In between chapters of Holmes, I caught a couple of short stories by Neil Gaiman which follow the protagonist of American Gods, Baldur ‘Shadow’ Moon. ‘The Monarch of the Glen’ sees our hero in Scotland on a roundabout return route from Norway, walking the walks and seeing the sights, when he is offered a lucrative job acting as bouncer for a bunch of posh folks from England having a party in a local manse. The locals are an odd bunch and Shadow is having weird dreams, but he chooses to take the job, against the advice of the enigmatic barmaid Jenny and finds himself caught up in an ancient struggle between men and monsters, with no-one to say truly which is worse. Then ‘Black Dog’ brings him to England, and a rural couple with a secret to keep.

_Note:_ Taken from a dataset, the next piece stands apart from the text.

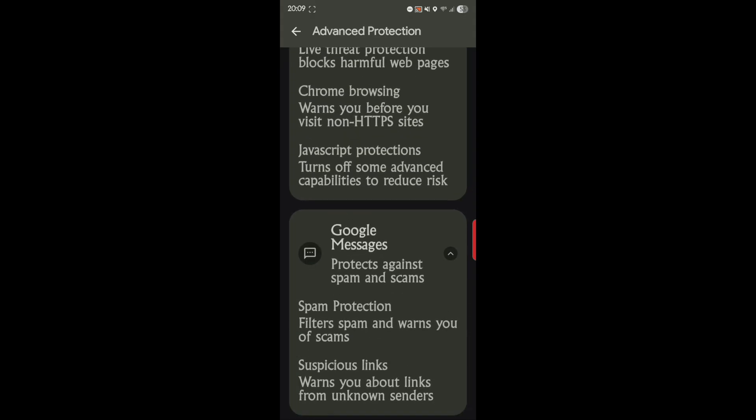And finally, Google Messages protects against spam and scams. Spam protection filters spam and warns you of scams. Suspicious links warns you about links from unknown senders. So that's a good one. I know a lot of people that receive messages and they always will ask me, should I click this and open it? No, you should never click a link that you don't know what it's from. And if you do, you're going to have to suffer the consequences because it's very easy to make a link, send it to somebody, hide the link, and put certain things in it that you can get back all their data.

The two shorts have many similarities: The rural settings, the old traditions, and of course Shadow’s relentless bad luck with women. Critically, Gaiman captures the difference of feeling between Britain and America. Assuming by its popularity there that his depiction of the roadside faith of America is accurate, he does the same for British folk beliefs, especially those in ‘Black Dog’, practiced slightly furtively by unassuming folk, almost more as habit than anything else. As always, Gaiman as author and reader is an excellent storyteller and the stories are easy to listen to several times over.

The last book for this month is Peter S. Beagle’s The Last Unicorn, which is one I’d been meaning to read for a while. This was the audiobook, but it’ read by Peter S. Beagle himself. As in the Rankin Bass adaptation, it tells the story of a nameless, ageless unicorn who realises that she is the only one of her kind left in the world. She goes in search of the others and learns that a cruel king has imprisoned them all with the aid of a supernatural bull, and with the assistance of an erratic wizard, a cynical romantic and a larval hero she clashes with the King for the fate of magic and her people. In fact, one of the things that really strikes me about the book is just how faithful the animated adaptation (screenwritten by Beagle) actually was. The main difference is Beagle’s cheerfully anachronistic narrative language. Reminiscent of TH White, it takes the novel’s setting from mediaeval fantasy to the same sort of timeless Neverland as The Once and Future King.

Within this Neverland, the story of The Last Unicorn is one of a world of failing wonder. The disappearance of the unicorns leaves a world that, for all its dragons and ogres and heroes, lacks a certain sparkle. Heroing is a job; the tropes of romance are performed in a perfunctory fashion. It’s fantasy as mundanity, and beautifully done; the book is a classic for a reason.


(1) I maintain that this is the correct term for an alumnus of Queens' College.